Some industry veterans did speak out. At an off-site panel, former CISA Director Jen Easterly bluntly described the ongoing brain drain at CISA as a loss for the American people, coming just when threats from nation-states and ransomware gangs are surging. She and others cautioned that talent flight from the government leaves critical gaps. Speaking on the same panel, Cybersecurity author Nicole Perlroth commented that given rising threats “have to be more prepared than ever,” calling the budget cuts “disturbing on a practical level”. Their candid warnings drew nods from the audience, who understand that public-private collaboration is key in cybersecurity, and that starving the federal cyber agencies of resources could set everyone back.
One of the conference’s most notable moments came courtesy of Chris Krebs, the former CISA head. When he walked onstage for a panel discussion, the RSAC crowd gave him a rousing welcome.
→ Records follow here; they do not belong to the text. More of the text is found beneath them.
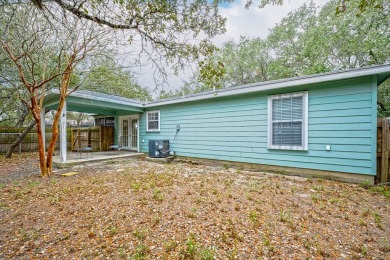 Nestled beneath large shade oak trees, this fully furnished on Rockport Country Club in Texas - for sale on GolfHomes.com, golf home, golf lot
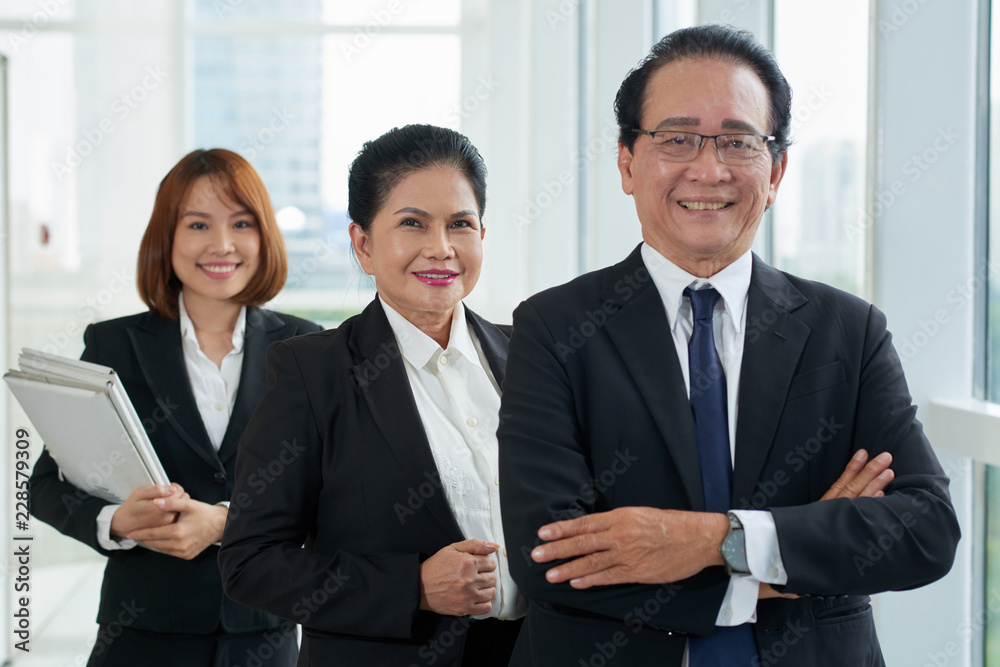 Portrait of successful Asian business team of three standing in modern office Portrait of successful Asian business team of three standing in modern office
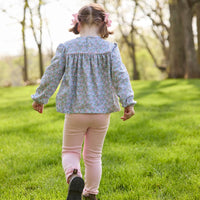 Little English traditional children's clothing. Long sleeve pink, aqua, and green Fondren Floral cotton knit top with pink piping detail for little girls. Paired with classic light pink leggings.
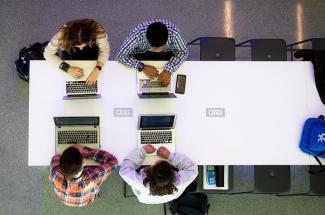 Overhead photo of four people working on computers.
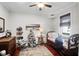 Bright bedroom with hardwood floors, antique bed, and a decorative Christmas tree at 118 E Ashley And 110 E Cooper Ave Ave, Folly Beach, SC 29439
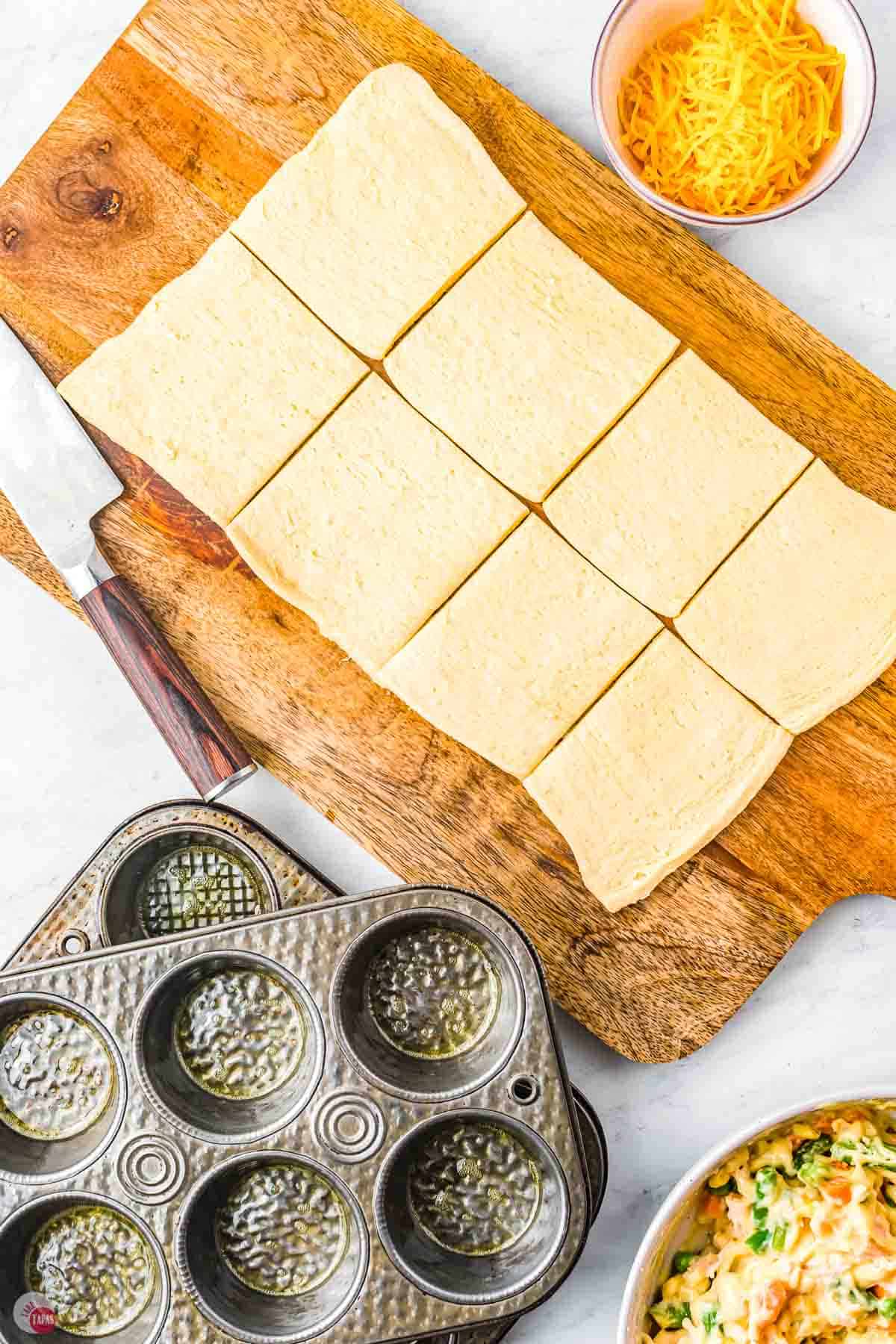 crescent roll dough being cut into squares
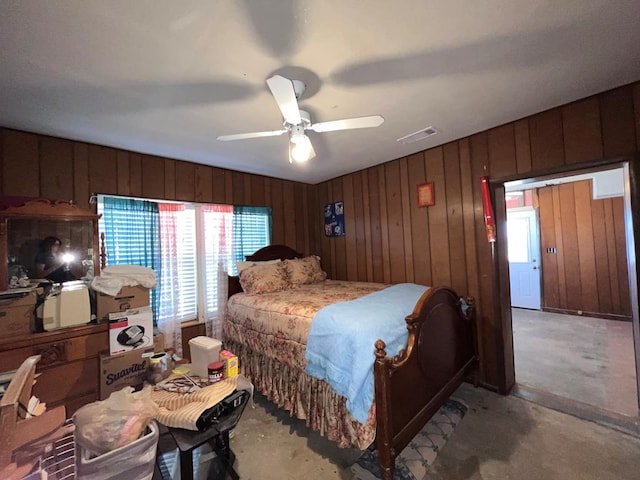 bedroom featuring ceiling fan and wooden walls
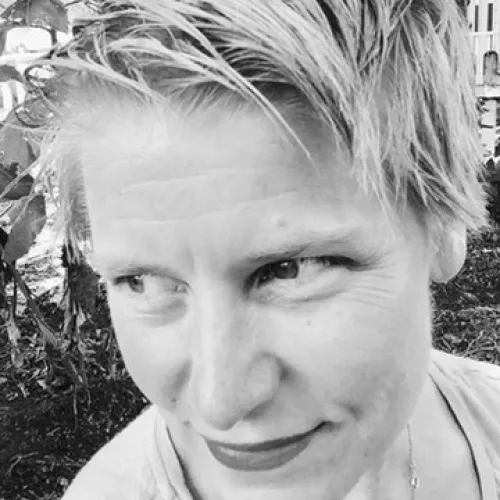 black and white headshot of a woman with short blonde hair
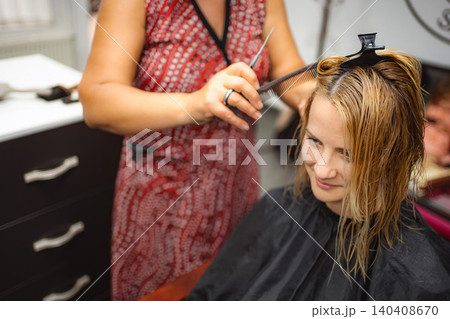 Hairdresser styling woman's wet hair in salon 140408670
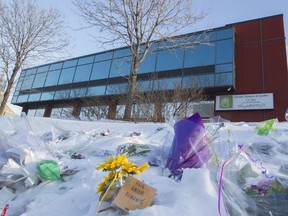 Floral and other tributes were seen in the areas around the Centre culturel islamique de Québec in Quebec City in February 2017.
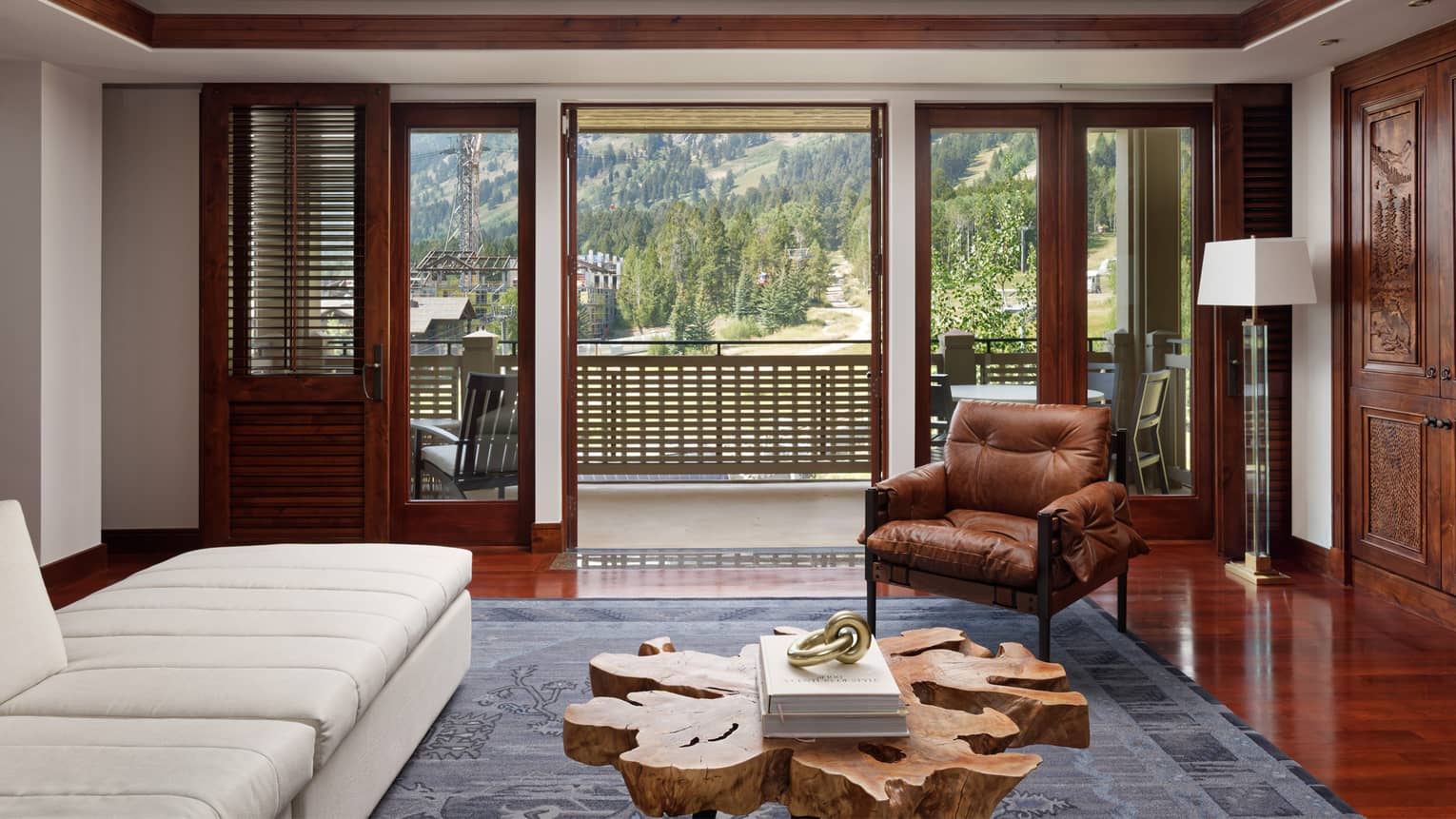 A hotel room with a white sofa, brown chair, wood coffee table and large window looking outside at hills and trees.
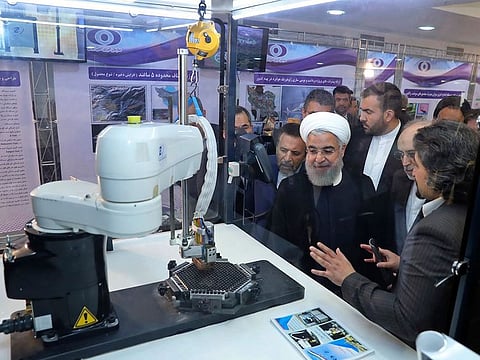 President Hassan Rouhani listens to explanations on new nuclear achievements at a ceremony to mark "National Nuclear Day," in Tehran last year.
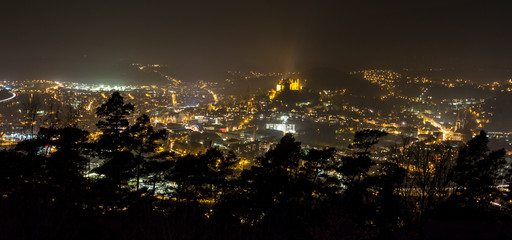 marburg germany at night as an panoramic view - obrazy, fototapety, plakaty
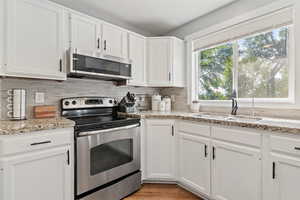 Kitchen with stainless steel appliances, white cabinets, backsplash, and light stone counters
On a panel with other cyber luminaries, Krebs remained defiant, urging the infosec community to keep up the good fight, despite any politicization of their work. The audience’s support for Krebs and keeping cybersecurity discussions grounded in facts, not politics, was an encouraging sign of industry solidarity.
Synqly at RSAC 2025: Cybersecurity Integrations for the Future
Amid all the buzz about AI and zero trust, one company at RSAC 2025 spotlighted a less flashy but critical challenge: integration. Synqly showcased an AI-enabled security integration platform to solve the headaches of connecting diverse tools in a security stack. In an expo full of innovative solutions, Synqly offered a reminder that even the most creative tools are only as good as how well they work together.
That message was echoed just blocks away at the Piper Sandler Cybersecurity CEO summit, where Microsoft’s Charlie Bell stated, “We’re moving from best-in-breed to best in integration.” He repeated the phrase for emphasis, signaling a broader industry shift toward prioritizing connection over complexity.
Synqly’s solution is the first integration platform for security and infrastructure vendors.
“AI may be the future, but security teams cannot scale to the growing attack surface without integrations. As the stack grows and tools get smarter, the integrations between them matter more than ever,” said Joel Bauman, Co-founder and CEO of Synqly.
Bauman explained in his talk that today’s average enterprise runs more than 75 different security and IT tools and stitching those together is a monumental task that is met with increased costs, delayed roadmaps, and integration fatigue. He emphasized that the basics of connecting systems can’t be overlooked in an era of AI-driven everything.
Bauman noted that every new solution and technology on the show floor will eventually need to plug into the rest of an organization’s security systems. If those connections are brittle or siloed, it undermines the whole. As the cybersecurity industry continues forward, solving integration challenges might enable all these innovations to deliver on their promise.